[Data entries]

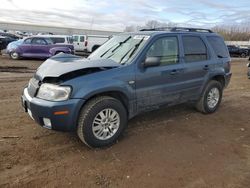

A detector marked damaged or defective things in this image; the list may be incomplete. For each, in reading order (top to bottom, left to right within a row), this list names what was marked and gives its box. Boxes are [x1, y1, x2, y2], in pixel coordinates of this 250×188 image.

hood damage [34, 53, 120, 82]
cracked headlight [36, 83, 71, 101]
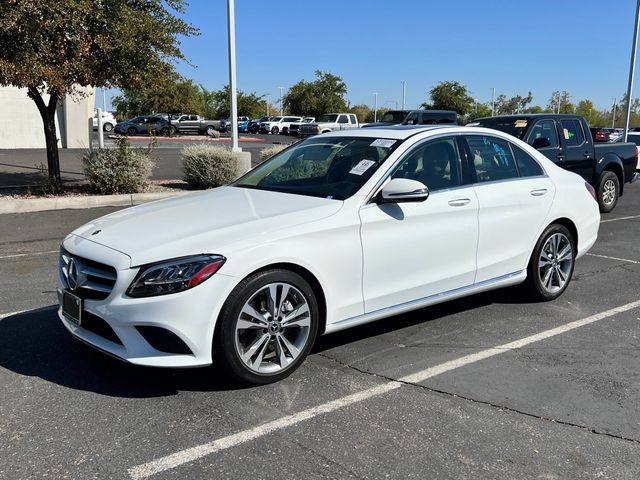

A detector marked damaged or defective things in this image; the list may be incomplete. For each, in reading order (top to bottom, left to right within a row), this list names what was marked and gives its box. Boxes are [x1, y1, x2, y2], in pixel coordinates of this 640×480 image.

pavement crack [316, 352, 640, 446]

— THE PROBLEM —
Every line from the one that has "this 640×480 image." down to the last line above must be written out exactly, with both ends included and nothing else.

— ANSWER SPACE —
A detector marked damaged or defective things in this image; the list may be incomplete. For each, in reading order (top to bottom, left to right within a row), this list names what was marked and gives its box. Boxes are [x1, y1, x2, y2], in pixel coordinates of this 640×480 image.

pavement crack [316, 352, 640, 446]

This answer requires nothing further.